Thursday, March 15, 2012

We Hold These Truths To Be Self- Evident

Poetry is the way we live.

Three minutes is enough for certain mollusks.

Ottowans will expect neighborhood wine shops.

Go ahead and leave, but you will return with a new appreciation for here.

No film school is required to make films.

If you're dying of a mysterious illness, never take something from a bottle labeled "The Cure."

Act One

The scene: Bistro 27

The players: Yours truly and a wine-savy friend

The food: Three-minute calamari in a basil tomato sauce over Byrds Mill grits. Cheese-stuffed empanadas with pesto aioli.

The surprise guests: A Canadian couple here for a real estate conference. They were impressed with how friendly people here are and appalled at their inability to find wine shops within walking distance of their hotel (I told them about The Hoppy Dog, a block away).

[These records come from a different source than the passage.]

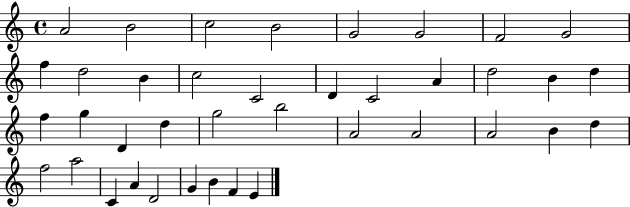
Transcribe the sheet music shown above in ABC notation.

X:1
T:Untitled
M:4/4
L:1/4
K:C
A2 B2 c2 B2 G2 G2 F2 G2 f d2 B c2 C2 D C2 A d2 B d f g D d g2 b2 A2 A2 A2 B d f2 a2 C A D2 G B F E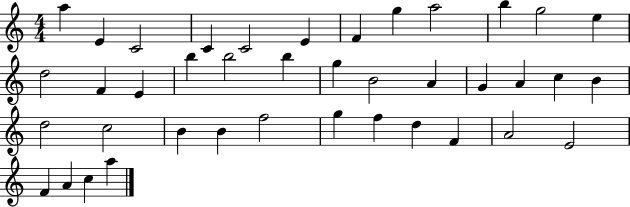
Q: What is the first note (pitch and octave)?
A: A5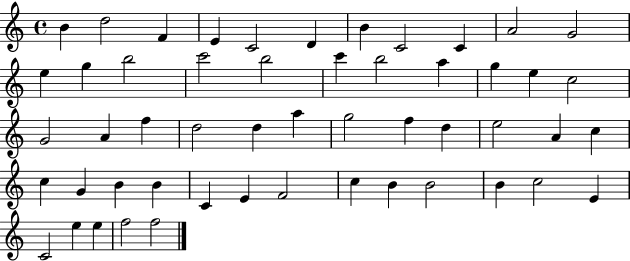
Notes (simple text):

B4/q D5/h F4/q E4/q C4/h D4/q B4/q C4/h C4/q A4/h G4/h E5/q G5/q B5/h C6/h B5/h C6/q B5/h A5/q G5/q E5/q C5/h G4/h A4/q F5/q D5/h D5/q A5/q G5/h F5/q D5/q E5/h A4/q C5/q C5/q G4/q B4/q B4/q C4/q E4/q F4/h C5/q B4/q B4/h B4/q C5/h E4/q C4/h E5/q E5/q F5/h F5/h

The conversation: Holding grudges, how a certain bass is a metaphor for a woman and a new winery.

Act Two

The scene: Firehouse Theater

The reason: "Days Gone By," the debut film of John Zhao, who was not a film student and had never made a film. After someone tried to rob him on Broad Street, he took refuge in the Firehouse where Project Resolution was showing local film shorts and he was hooked

The hook: The film was shot in digital, analog and on film.

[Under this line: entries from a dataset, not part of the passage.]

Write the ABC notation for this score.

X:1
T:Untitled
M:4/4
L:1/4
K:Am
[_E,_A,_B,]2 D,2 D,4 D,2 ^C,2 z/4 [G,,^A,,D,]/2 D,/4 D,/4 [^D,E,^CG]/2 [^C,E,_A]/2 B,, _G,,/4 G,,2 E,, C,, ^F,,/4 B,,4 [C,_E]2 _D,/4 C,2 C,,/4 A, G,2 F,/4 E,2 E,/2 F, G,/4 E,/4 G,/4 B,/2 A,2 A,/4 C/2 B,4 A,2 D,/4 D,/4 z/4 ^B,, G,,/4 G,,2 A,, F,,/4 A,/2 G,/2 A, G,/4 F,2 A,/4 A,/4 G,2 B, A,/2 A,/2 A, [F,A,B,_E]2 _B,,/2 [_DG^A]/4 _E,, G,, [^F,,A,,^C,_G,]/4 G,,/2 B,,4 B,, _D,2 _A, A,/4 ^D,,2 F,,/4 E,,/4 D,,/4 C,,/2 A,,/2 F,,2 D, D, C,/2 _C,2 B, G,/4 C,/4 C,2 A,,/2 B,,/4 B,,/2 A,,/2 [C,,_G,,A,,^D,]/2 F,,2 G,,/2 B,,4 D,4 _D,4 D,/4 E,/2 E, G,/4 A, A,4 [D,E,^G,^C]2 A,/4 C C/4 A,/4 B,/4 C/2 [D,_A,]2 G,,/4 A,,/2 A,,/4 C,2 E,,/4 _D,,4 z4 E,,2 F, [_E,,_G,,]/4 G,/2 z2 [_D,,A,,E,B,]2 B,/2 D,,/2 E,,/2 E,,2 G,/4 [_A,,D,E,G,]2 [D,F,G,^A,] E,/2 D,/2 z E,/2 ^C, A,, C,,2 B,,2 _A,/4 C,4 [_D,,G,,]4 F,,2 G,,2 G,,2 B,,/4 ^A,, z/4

The sentiment: After having moved to NYC (like countless other Richmonders), he's returned and acknowledged how much he missed this town and how satisfying it was to be back.

The surprise: The short film shown first, made by an HIV-positive black gay man who told his life story and thoughts via spoken word and a desire to make his life poetry, despite every societal strike against him.

The plot: Despairing boyfriend watches girlfriend dying and hallucinates along the way, with a few "A Clockwork Orange" moments thrown in for good measure. Oh, and some David Lynch.

The conclusion; King Family Viognier is good. Drugs mixed in a blender with alcohol and a stuffed animal are bad. Never fall for a girl just because she dances alone and you watch her.

The sweet ending: Limoncello, dark chocolate-drizzled pineapple and cheap laughs for language geeks.

The past, the present and the future walk into a bar.

If my life is a poem, I am hoping it is a rhyming couplet with the slyest of humor.

It was tense.

Too funny...and not at all the way I live.